Find expansions for all roots of the equations below as $\epsilon \to 0$ with two nonzero terms in each expansion
(b) $\tan(x) = \frac{\epsilon}{x}$
Hint: Draw a graph to see where the roots are. You may need to consider the first root separately
I don't see how drawing the graph will help. Also how do I go about balancing the sizes of the roots?
Any help would be greatly appreciated.
Thank you!
Yes, drawing a graph will help you see the following.

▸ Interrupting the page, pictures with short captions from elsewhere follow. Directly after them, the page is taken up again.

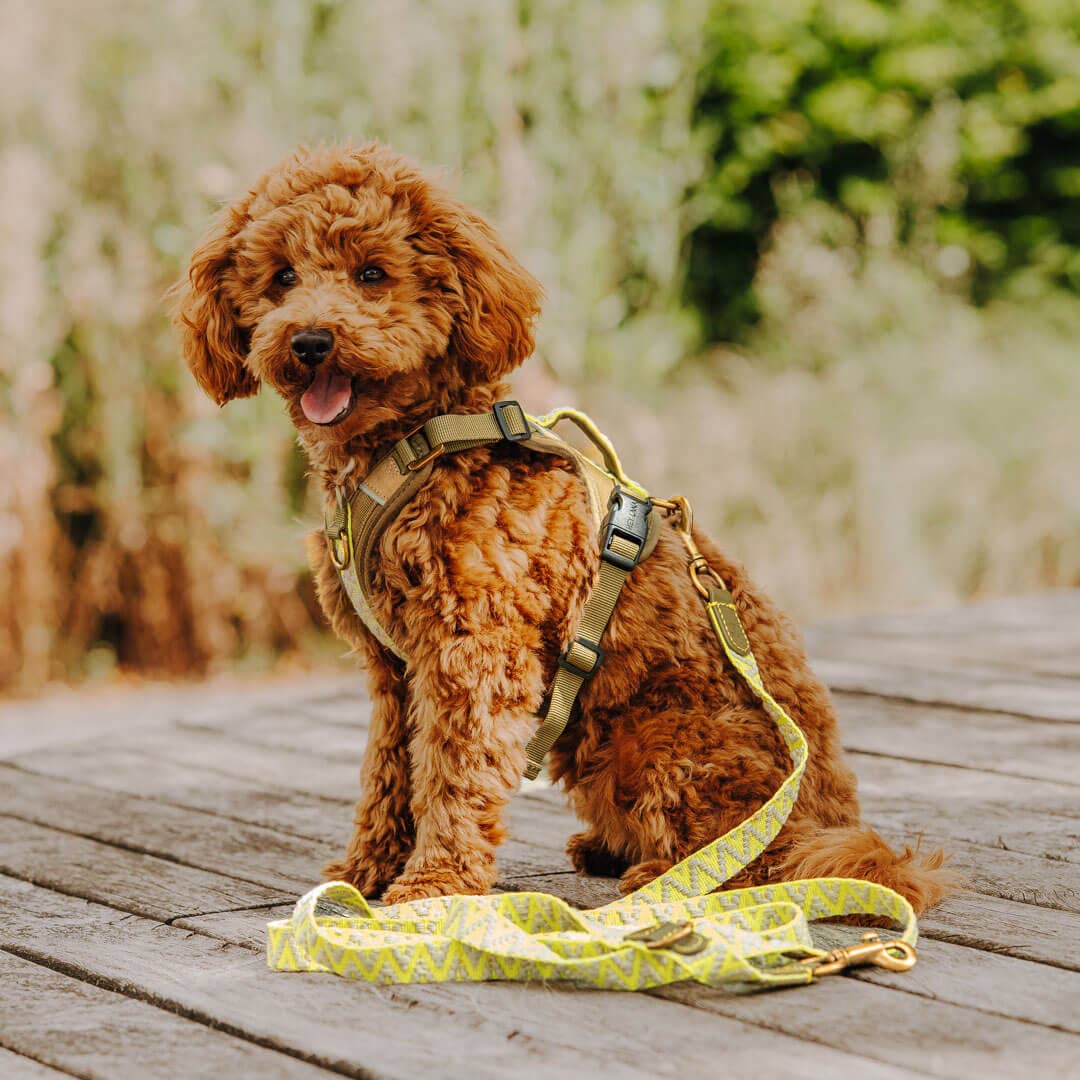 Premium Hundeleine - 3-fach verstellbar - 2m - Oliv/Neongelb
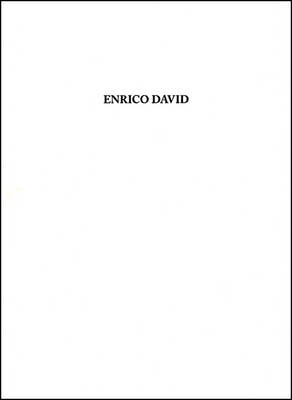 Book cover for Enrico David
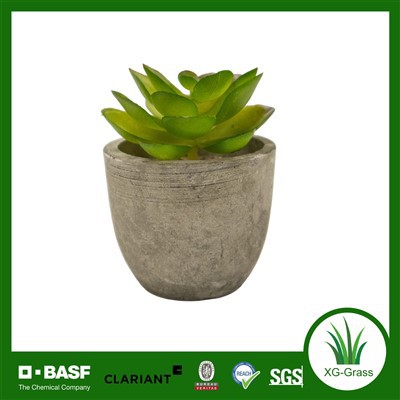 Tanaman Buatan Manusia Hidup Untuk Dekorasi Rumah Dan Kantor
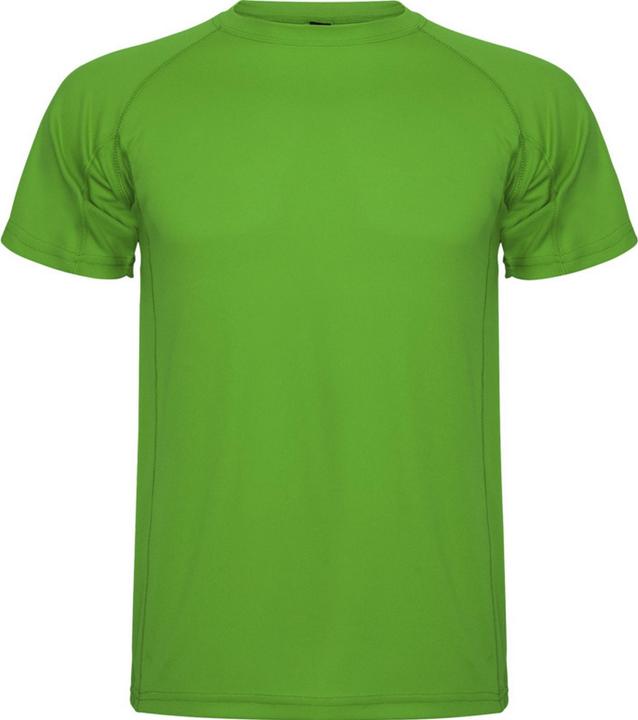 Vert fougère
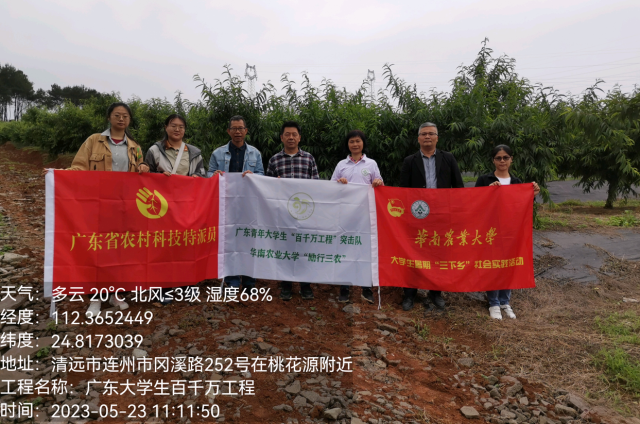 提前布控防治桔小实蝇，华农技术团队为连州果园提供全程防治策略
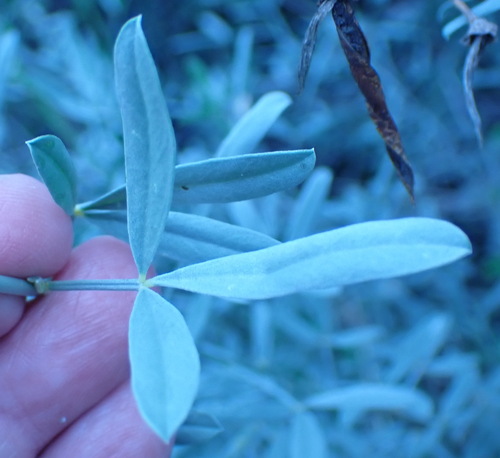 Calobota cytisoides, photograph 1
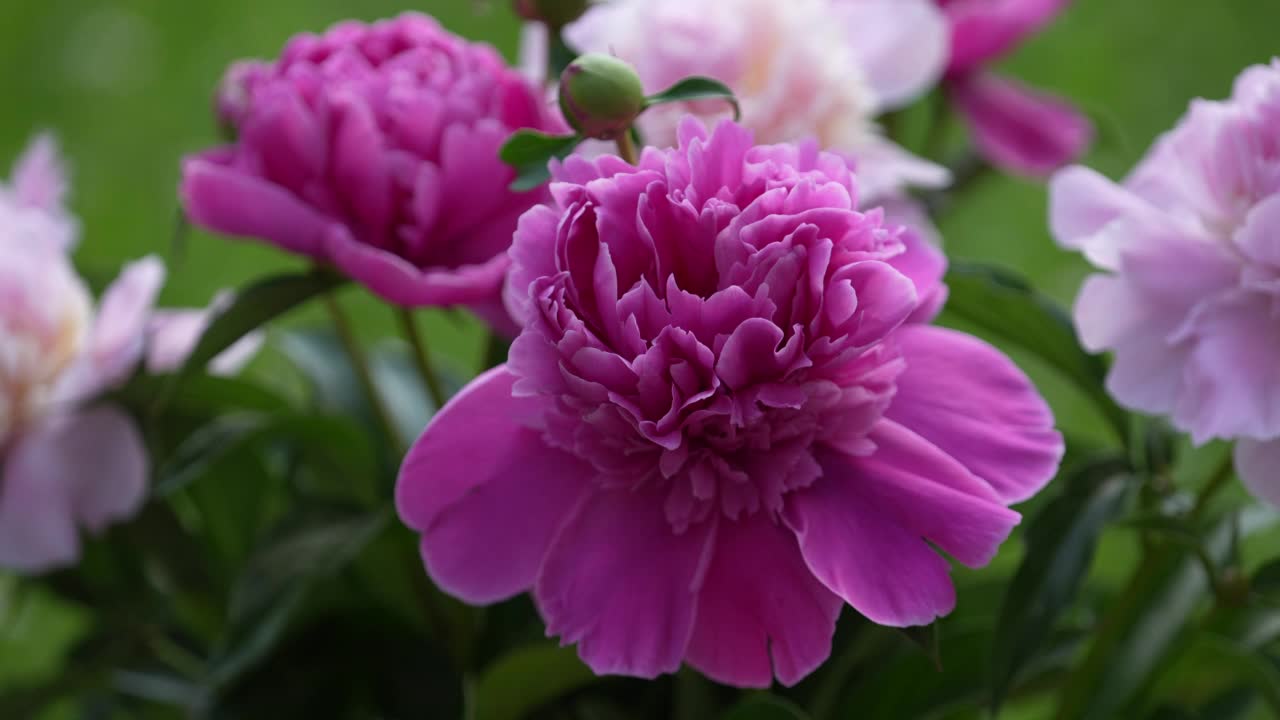 美丽的花束粉红色的牡丹花在花园里随风摇曳视频素材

For the first zero, note that the min of $y=\epsilon/x$ is at the point $\left ( \sqrt{\epsilon},\sqrt{\epsilon} \right )$. Note also that, for small $x$, $\tan{x} \approx x$. Thus, for the first zero, when all quantities are small, the tangent curve will intersect the min of the hyperbola. Thus, the first root is at approximately $x_1 = \arctan{\sqrt{\epsilon}} = \epsilon^{1/2} - \delta$, where $\delta \gt 0$ is a correction. We find the correction by expanding the tangent function in its Taylor series as follows:
$$\tan{\sqrt{\epsilon}} \approx \sqrt{\epsilon} - \delta + \frac13 \left (\sqrt{\epsilon} - \delta \right )^3 \approx \sqrt{\epsilon} + \frac13 \epsilon^{3/2} - \delta $$
We set this equal to $\epsilon/(\sqrt{\epsilon}-\delta)$, and expanding for small $\delta$, we have
$$\sqrt{\epsilon} + \frac13 \epsilon^{3/2} - \delta \approx \sqrt{\epsilon} + \delta$$
or
$$x_1 = \sqrt{\epsilon}-\delta \approx \sqrt{\epsilon} - \frac16 \epsilon^{3/2}$$
For subsequent roots, the hyperbola intersects the tangent curves near the zero of the tangent at $x_n = n \pi$ for $n \ge 2$. The correction $\delta$ satisfies
$$\delta (\delta + n \pi) = \epsilon$$
The reason for this is, again, the tangent curve is approximately the line $y=x-n \pi$ near the root $x_n$, so when $x_n = n \pi + \delta$, we have $\delta = \epsilon/(n \pi+\delta)$. Thus, for small $\epsilon$, we have
$$x_n = n \pi + \frac{\epsilon}{n \pi}$$